Antes de comprar a banca de jornal há 21 anos, Carlos Massatoshi Higa, segundo relata sua filha, foi representante comercial de equipamentos médicos, motorista particular e de táxi, trabalhou em feira e confecção. Ele, que é casado com Mieko, 66 anos, é morador da Vila Nova Cachoeirinha há mais de 50 anos.
Discussão judicial
Casos como esse podem parar na Justiça, segundo Marco Antonio Araujo Junior, especialista em direito do consumidor. Segundo o especialista, uma negociação só seria possível com liberalidade das partes, mas que o hospital particular pode executar o contrato assinado no começo da internação para pedir os valores.
“Se ela tiver bens, os bens serão executados, o juiz pode determinar o bloqueio da conta corrente e de investimentos, e a pessoa entra em um processo de execução de dívida como em qualquer outro contrato”, diz.
Resposta
Em nota à reportagem, a rede de Hospitais São Camilo de São Paulo afirma que oferta serviços particulares de forma transparente e com custos compatíveis com o mercado.
“O acometimento por Covid-19 pode implicar em internações de longa permanência, com valores notoriamente altos. No caso em questão, as informações eram atualizadas constantemente à família”, diz a rede.

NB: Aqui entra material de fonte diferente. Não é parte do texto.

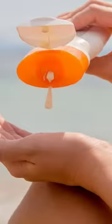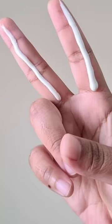Use 1 to 1.5 ml of sunscreen — about 2 finger lengths full — and apply it to your face.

“A instituição reforça sua missão de cuidar e valorizar a vida, priorizando a excelência dos serviços prestados, e segue à disposição para quaisquer esclarecimentos”, completa.
Já o Governo de São Paulo, gestão João Doria (PSDB), o caso de Carlos foi conduzido inicialmente pela Central de Regulação Estadual, com vaga cedida para o Hospital da Brasilândia em 12 de junho.
“Posteriormente, o caso foi assumido pela Central de Regulação do município de São Paulo, com vaga de UTI cedida no Conjunto Hospitalar do Mandaqui em 24 de junho. Entretanto, o paciente não deu entrada na unidade e não houve novas solicitações junto à Regulação estadual”, afirma.